(i) Differentiate \(y = (x+1)^2 + (x+1)^{-1}\) to find \(\frac{dy}{dx} = 2(x+1) - (x+1)^{-2}\).

Set \(\frac{dy}{dx} = 0\) to find the minimum point: \(2(x+1)^3 = 1\).

Differentiate again to find \(\frac{d^2y}{dx^2} = 2 + 2(x+1)^{-3}\).

Substitute \((x+1)^{-3} = 2\) to find \(\frac{d^2y}{dx^2} = 6\).

(ii) The volume of the solid of revolution is given by \(\pi \int y^2 \, dx\).

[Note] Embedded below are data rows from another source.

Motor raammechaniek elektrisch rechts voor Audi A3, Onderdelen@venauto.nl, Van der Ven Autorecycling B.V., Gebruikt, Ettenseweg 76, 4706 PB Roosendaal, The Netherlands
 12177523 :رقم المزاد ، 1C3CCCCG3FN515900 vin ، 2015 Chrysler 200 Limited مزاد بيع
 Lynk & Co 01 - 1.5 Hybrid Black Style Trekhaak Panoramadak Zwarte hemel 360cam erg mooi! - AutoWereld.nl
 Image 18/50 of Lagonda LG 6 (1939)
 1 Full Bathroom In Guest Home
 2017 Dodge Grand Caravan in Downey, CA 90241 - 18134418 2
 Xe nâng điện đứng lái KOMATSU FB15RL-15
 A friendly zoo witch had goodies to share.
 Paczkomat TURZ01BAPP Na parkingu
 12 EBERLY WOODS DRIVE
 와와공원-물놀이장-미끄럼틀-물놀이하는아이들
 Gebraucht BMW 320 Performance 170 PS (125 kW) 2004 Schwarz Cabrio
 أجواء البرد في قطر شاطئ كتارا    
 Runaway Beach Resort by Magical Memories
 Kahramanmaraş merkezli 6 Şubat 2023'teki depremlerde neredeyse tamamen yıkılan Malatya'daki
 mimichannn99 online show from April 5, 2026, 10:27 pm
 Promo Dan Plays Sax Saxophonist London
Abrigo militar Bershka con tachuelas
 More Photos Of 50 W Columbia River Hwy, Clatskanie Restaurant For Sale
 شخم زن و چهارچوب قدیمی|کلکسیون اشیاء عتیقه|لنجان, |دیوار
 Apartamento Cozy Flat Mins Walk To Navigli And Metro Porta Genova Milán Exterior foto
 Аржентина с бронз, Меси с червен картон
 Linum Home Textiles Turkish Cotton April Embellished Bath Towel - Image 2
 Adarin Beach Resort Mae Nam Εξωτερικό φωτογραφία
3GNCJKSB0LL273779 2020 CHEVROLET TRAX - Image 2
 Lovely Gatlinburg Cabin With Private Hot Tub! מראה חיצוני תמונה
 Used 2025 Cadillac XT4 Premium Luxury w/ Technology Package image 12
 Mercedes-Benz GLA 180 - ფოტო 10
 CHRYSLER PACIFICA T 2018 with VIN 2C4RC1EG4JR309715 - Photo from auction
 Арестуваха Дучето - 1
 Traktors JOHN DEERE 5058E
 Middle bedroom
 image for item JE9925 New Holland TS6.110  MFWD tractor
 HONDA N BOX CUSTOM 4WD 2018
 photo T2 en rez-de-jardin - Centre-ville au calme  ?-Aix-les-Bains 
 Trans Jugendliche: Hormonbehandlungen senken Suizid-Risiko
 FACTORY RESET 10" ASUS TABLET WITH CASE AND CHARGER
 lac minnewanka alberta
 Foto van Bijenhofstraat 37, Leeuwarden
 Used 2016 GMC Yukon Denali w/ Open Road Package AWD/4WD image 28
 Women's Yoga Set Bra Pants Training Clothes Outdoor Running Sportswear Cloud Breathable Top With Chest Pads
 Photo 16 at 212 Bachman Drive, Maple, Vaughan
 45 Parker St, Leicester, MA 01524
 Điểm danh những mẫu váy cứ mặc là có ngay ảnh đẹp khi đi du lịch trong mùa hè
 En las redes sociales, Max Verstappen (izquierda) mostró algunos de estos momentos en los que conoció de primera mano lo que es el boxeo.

Calculate \(y^2 = (x+1)^4 + (x+1)^{-2} + 2(x+1)^2\).

Integrate \(y^2\) from 0 to 1: \(\pi \left[ \frac{(x+1)^5}{5} + (x+1)^{-1} + \frac{2(x+1)^2}{2} \right]_0^1\).

Evaluate the definite integral: \(\pi \left[ \frac{32}{5} - \frac{1}{2} + 4 - \left( \frac{1}{5} + 1 \right) \right]\).

The volume is \(9.7\pi\) or \(30.5\).